Repeat the whole listing word for word, skipping pictures.

BEGIN RECORDS TO PROCESS

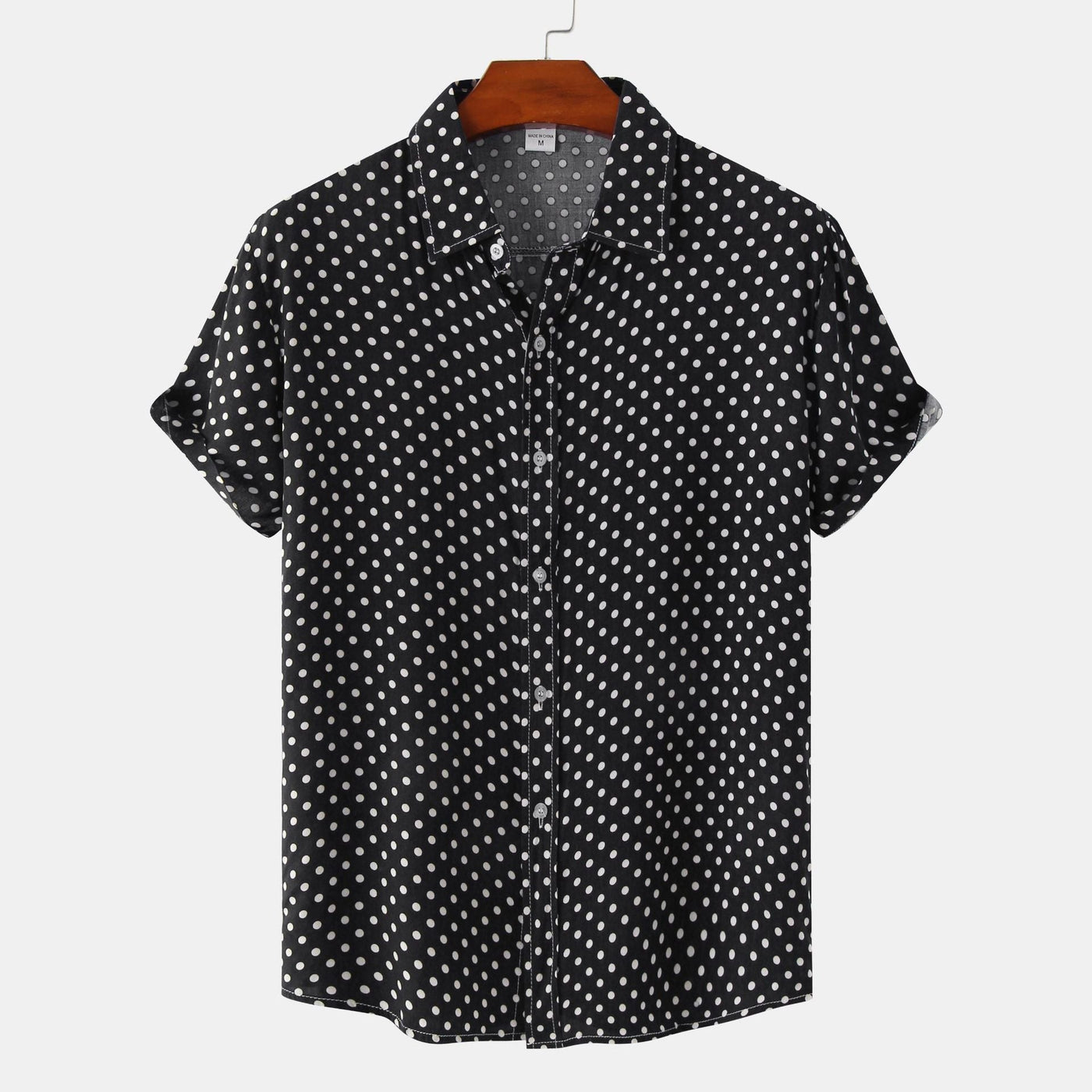 Roberto | Camicia elegante in cotone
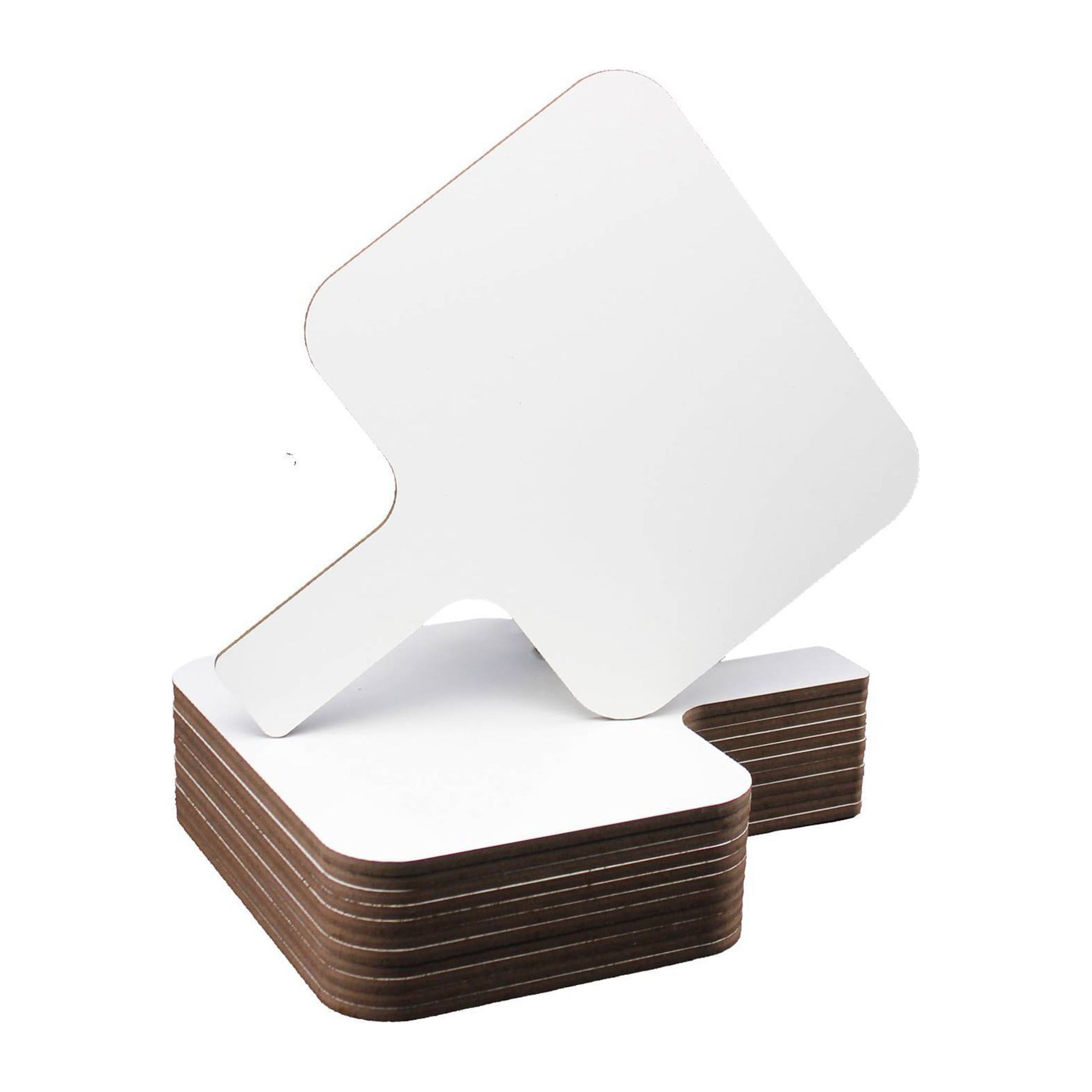 Lorell Dry Erase Display Easel, 28" x 34", Adjustable Height 40" to 70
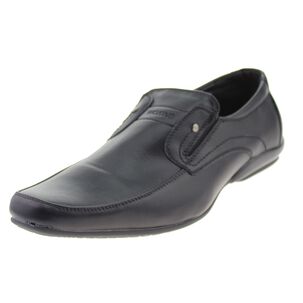 Mocas&iacute;n Hombre Art. 8170422blac / Via Franca
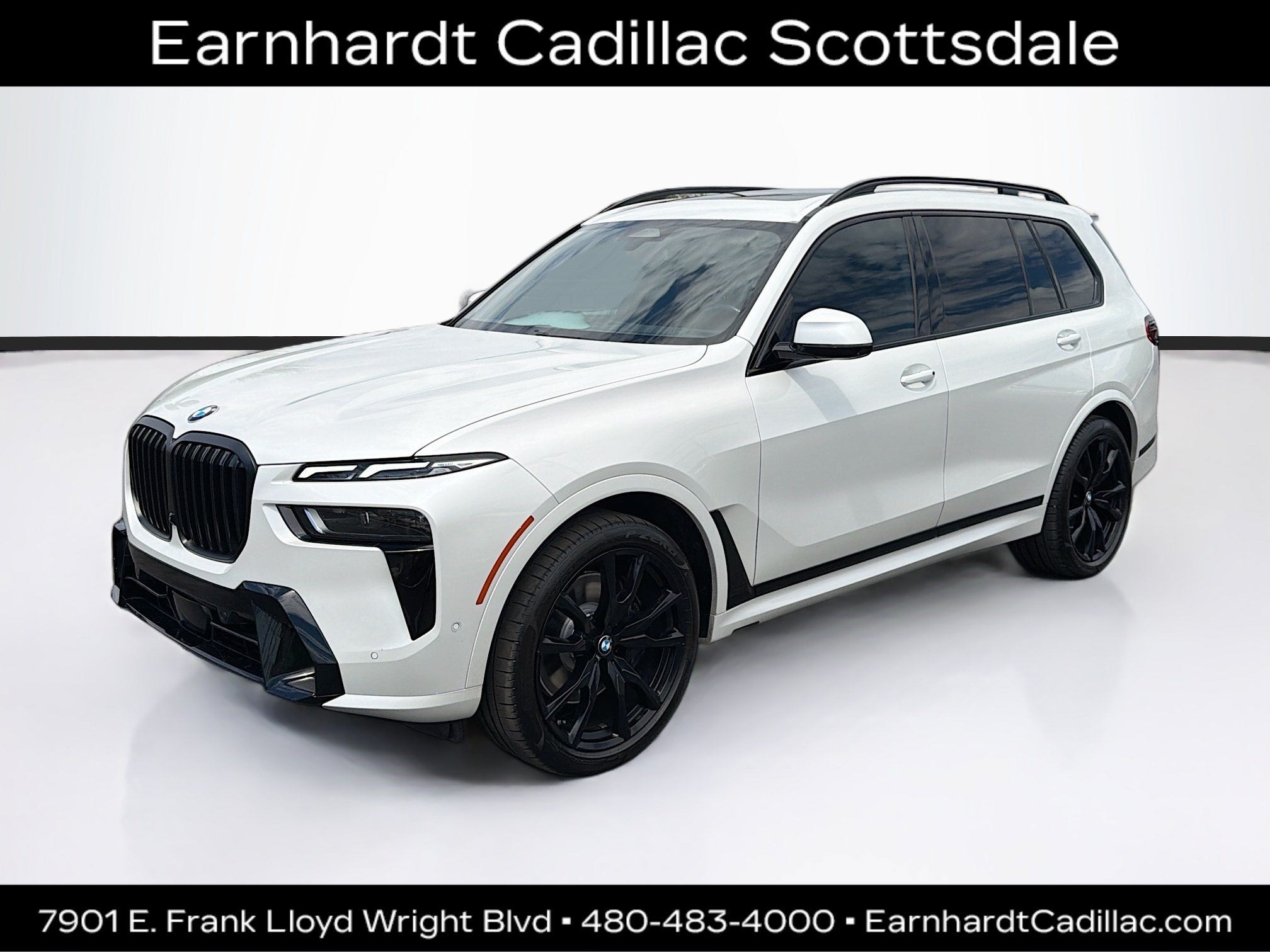 2024 BMW X7 xDrive40i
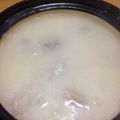 クック6U4NQX☆'s cooksnap of when they made 我が家の中華粥.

END RECORDS TO PROCESS

_ANSWER FOR THE TASK_.
 Roberto | Camicia elegante in cotone
 Lorell Dry Erase Display Easel, 28" x 34", Adjustable Height 40" to 70
 Mocas&iacute;n Hombre Art. 8170422blac / Via Franca
 2024 BMW X7 xDrive40i
 クック6U4NQX☆'s cooksnap of when they made 我が家の中華粥.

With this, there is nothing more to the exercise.